## TASK PROMPT:
The answer consists solely of the listing's lines from the first through the line containing "20113 Umbria Hill", each reproduced exactly.

-=-=-

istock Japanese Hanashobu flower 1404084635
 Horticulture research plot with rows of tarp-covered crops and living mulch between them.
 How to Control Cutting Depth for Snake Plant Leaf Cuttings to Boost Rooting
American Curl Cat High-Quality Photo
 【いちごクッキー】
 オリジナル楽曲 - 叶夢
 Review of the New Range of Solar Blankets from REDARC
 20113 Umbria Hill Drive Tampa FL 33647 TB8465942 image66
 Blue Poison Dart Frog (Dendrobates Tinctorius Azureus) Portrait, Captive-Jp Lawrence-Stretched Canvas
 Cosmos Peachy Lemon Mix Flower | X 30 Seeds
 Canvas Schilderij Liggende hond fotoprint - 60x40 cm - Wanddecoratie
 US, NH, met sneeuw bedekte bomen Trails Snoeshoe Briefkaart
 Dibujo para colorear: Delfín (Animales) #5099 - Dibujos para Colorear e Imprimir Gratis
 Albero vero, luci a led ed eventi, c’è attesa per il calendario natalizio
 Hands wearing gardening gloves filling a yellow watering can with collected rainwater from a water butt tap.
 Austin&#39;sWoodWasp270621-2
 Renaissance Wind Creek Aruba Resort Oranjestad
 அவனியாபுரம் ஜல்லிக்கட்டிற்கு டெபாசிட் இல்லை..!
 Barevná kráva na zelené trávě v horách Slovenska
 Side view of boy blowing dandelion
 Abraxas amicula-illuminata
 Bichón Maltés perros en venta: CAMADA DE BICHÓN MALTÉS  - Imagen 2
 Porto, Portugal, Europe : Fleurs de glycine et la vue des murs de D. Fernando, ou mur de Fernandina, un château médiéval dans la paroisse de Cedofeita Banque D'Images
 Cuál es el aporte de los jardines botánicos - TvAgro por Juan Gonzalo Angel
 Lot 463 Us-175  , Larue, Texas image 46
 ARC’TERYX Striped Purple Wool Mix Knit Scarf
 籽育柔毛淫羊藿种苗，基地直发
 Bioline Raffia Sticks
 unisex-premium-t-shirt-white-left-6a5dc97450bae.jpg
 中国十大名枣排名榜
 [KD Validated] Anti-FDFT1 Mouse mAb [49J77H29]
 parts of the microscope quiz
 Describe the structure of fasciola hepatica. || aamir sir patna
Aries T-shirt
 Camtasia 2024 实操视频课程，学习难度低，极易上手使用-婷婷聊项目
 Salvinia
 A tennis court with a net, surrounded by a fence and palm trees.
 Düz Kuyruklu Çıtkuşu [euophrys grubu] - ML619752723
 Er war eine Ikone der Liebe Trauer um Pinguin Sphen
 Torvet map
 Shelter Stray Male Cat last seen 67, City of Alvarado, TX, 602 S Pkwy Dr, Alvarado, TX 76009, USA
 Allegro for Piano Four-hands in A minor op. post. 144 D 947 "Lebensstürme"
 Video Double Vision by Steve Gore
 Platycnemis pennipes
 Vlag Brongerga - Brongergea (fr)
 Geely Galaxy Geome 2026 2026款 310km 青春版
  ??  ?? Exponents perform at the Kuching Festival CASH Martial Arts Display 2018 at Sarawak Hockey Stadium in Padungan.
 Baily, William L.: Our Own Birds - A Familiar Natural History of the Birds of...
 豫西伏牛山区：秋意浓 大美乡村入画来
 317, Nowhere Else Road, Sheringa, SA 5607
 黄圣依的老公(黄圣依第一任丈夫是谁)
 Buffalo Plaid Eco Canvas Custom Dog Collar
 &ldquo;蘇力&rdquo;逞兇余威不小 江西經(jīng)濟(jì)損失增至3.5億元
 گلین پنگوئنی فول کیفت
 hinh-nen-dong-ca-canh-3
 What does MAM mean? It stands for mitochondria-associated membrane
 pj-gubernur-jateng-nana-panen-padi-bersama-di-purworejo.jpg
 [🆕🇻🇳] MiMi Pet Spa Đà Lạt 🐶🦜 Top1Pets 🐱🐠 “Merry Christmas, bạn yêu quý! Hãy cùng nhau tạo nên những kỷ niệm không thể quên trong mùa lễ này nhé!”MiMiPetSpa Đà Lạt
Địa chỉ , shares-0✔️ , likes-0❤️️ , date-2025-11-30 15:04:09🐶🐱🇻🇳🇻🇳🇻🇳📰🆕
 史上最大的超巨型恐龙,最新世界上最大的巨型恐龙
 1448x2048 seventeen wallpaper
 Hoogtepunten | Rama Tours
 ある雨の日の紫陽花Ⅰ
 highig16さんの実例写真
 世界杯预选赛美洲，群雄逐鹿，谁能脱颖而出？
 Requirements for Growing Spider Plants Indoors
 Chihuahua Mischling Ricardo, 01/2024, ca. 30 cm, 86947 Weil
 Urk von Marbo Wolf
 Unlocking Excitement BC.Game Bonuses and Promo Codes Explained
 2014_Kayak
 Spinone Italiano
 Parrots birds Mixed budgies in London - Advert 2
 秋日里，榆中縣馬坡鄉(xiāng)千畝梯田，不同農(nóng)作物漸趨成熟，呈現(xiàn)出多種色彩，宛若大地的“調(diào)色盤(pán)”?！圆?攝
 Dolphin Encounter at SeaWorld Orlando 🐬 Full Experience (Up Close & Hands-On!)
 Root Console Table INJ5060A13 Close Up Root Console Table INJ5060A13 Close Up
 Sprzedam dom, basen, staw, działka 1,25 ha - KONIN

-=-=-

## RESULT BELOW:
istock Japanese Hanashobu flower 1404084635
 Horticulture research plot with rows of tarp-covered crops and living mulch between them.
 How to Control Cutting Depth for Snake Plant Leaf Cuttings to Boost Rooting
American Curl Cat High-Quality Photo
 【いちごクッキー】
 オリジナル楽曲 - 叶夢
 Review of the New Range of Solar Blankets from REDARC
 20113 Umbria Hill Drive Tampa FL 33647 TB8465942 image66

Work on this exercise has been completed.